Calculate users overall percentage for daily quiz

Question

I have a daily quiz where a user has 3 attempts to answer correctly. So they will either answer on attempt1, attempt2, attempt3 or be wrong. I store the daily answer rate for each individual date and can calculate how well a user performed on an individual day.

What I’m struggling to work out is how to calculate the users ranking percentage across all daily questions.

I know how many games each user has played and answered correctly or wrongly and at what attempt. I also store the overall correct rate across all users as well as how many for each individual attempt (as well as the total wrong answers).

So the cumulative stats across say 20 users for 100 questions (bearing in mind each person could have answered a different number in that time) might look like

gamesWon: 50;
gamesLost: 50;
attempt1: 12;
attempt2: 20;
attempt3: 18;

and for a particular user who might have played 10 games total I might have:

gamesPlayed: 10;
gamesWon: 8;
gamesLost:2;
attempt1: 4;
attempt2: 2;
attempt3: 2;

What would be a good calculation to represent

"You currently are in the top X% of users overall." for a particular user.

Am I even collecting the stats in a meaningful way to do this?

Thanks in advance

Answer 1

Let's model this probabilistically. Let $X_{ij}$ be the result for the $j$th game for the $i$th individual. We can model each attempt as $$X_{ij} \sim \text{Geometric}(p_i)$$

Here, $p_i$ represents the probability of getting a question right by the $i$th individual on any attempt, and a higher $p_i$ represents a more competent individual.

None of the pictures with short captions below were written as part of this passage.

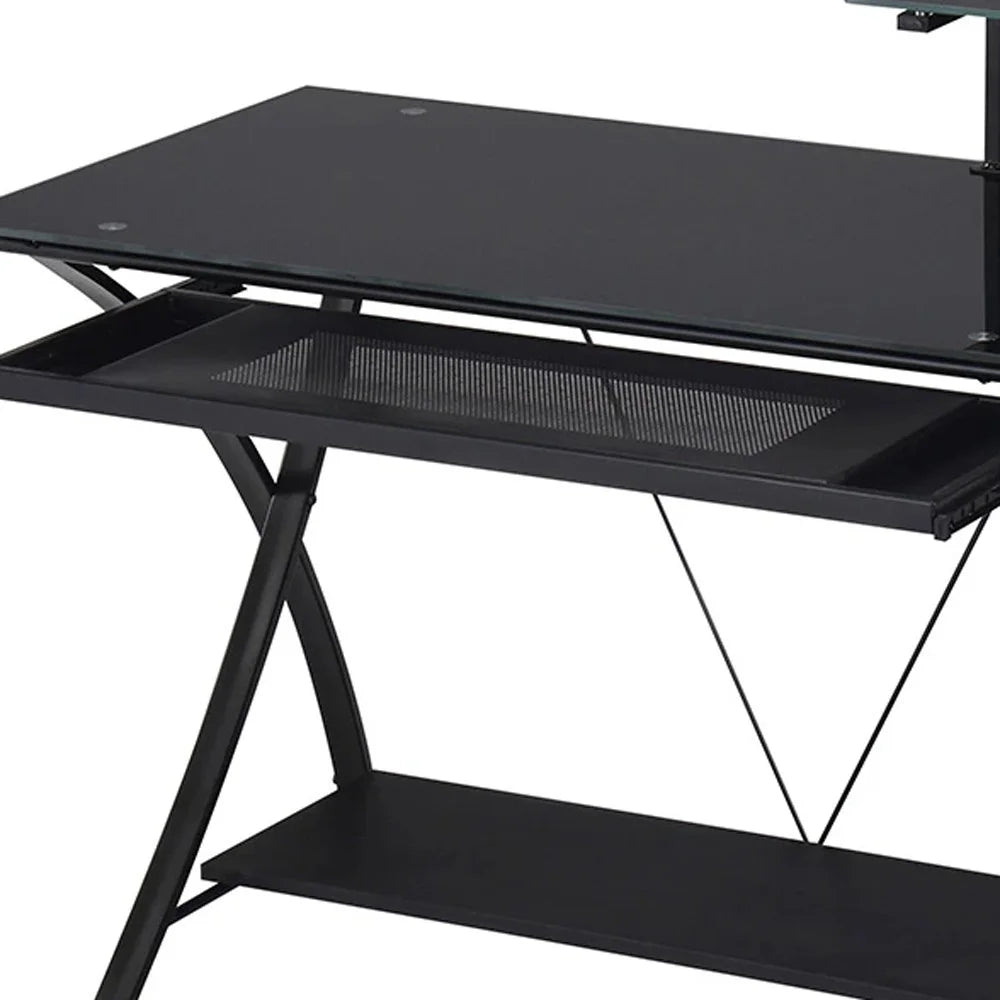 Black Glass Computer Desk W34173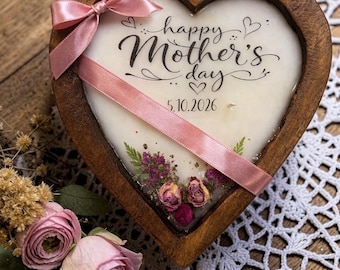 Personligt hjärtformat degskålsljus | Anpassat meddelande, kokosvax, bondgårdsdekor | Mors dag-ljus | Present till mamma | Mors dag-present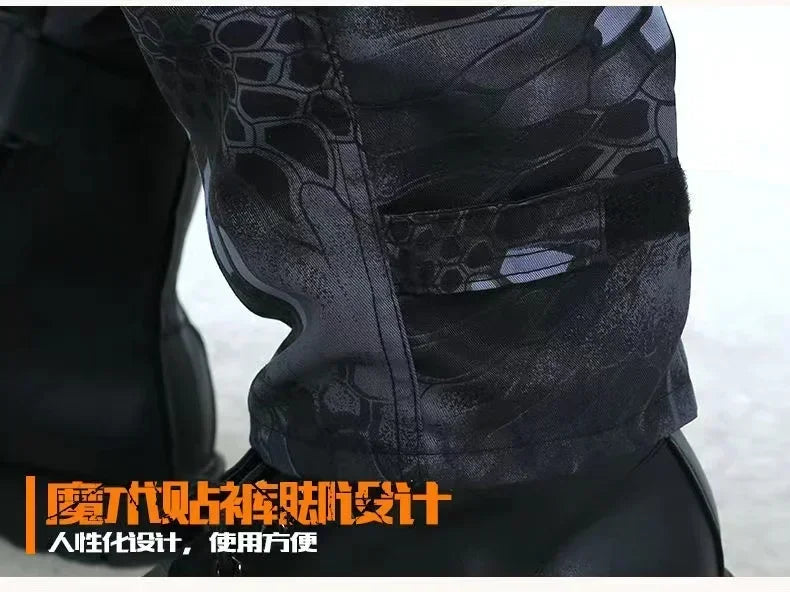 Men’s Wear-Resistant Outdoor Workwear Set – Black Python Pattern | Durable Polyester Tracksuit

Of course, we don't observe attempts past attempt 3, so we have to work with a truncated version of the distribution. For individual $i$, their likelihood is \begin{align*} \mathcal{L} = p_i^{N_{i1}}[(1-p_i)p_i]^{N_{i2}}[(1-p_i)^2p_i]^{N_{i3}}[(1-p_i)^3]^{N_{i4}} \end{align*} where $N_{i1}, N_{i2}, N_{i3}, N_{i4}$ are the number of Attempt 1, Attempt 2, Attemp 3, and Games Lost respectively by individual $i$. The maximum likelihood estimator (MLE) for individual $i$ is \begin{align*} \widehat{p}_i = \frac{N_{i1} + N_{i2} + N_{i3}}{N_{i1} + 2N_{i2} + 3N_{i3} + 3N_{i4}} \end{align*} which can then be used to rank individuals (the higher the $\widehat{p}_i$, the better)

Addendum: accounting for # of games played Consider scores by these two individuals:

Individual 1         Individual 2
---------------------------------
gamesWon: 99;        gamesWon: 1;
gamesLost: 1;        gamesLost: 0;
attempt1: 99;        attempt1: 1;
attempt2: 0;         attempt2: 0;
attempt3: 0;         attempt3: 0;

Based on system, we have $\widehat{p}_1 = 0.971$ and $\widehat{p}_2 = 1$, and therefore Individual 2 is ranked higher. This seems widely unfair to base a ranking for an individual with so few games; perhaps a fairer approach is to rank based off \begin{align*} \widetilde{p}_i: \widetilde{p}_i \text{ is the largested value } \le \widehat{p}_i \text{ such that } (\widehat{p}_i - \widetilde{p}_i)^2 = z^* \frac{1 - \widetilde{p}_i}{N_i \widetilde{p}_i} \end{align*} where $N_i = \sum_{k=1}^{4}N_{ik}$ is the number of games played by individual $i$ and $z^*$ is a tuning parameter (for simplicity, you can set $z^*=1$). This is similar to Wilson's score lower bound with an approximation for the standard error for $\widehat{p}_i$ assuming a full (non-truncated) geometric distribution. From this procedure, we find that $\widetilde{p}_1 = 0.946$ and $\widetilde{p}_2 = -0.755$, and therefore Individual 1 outranks Individual 2.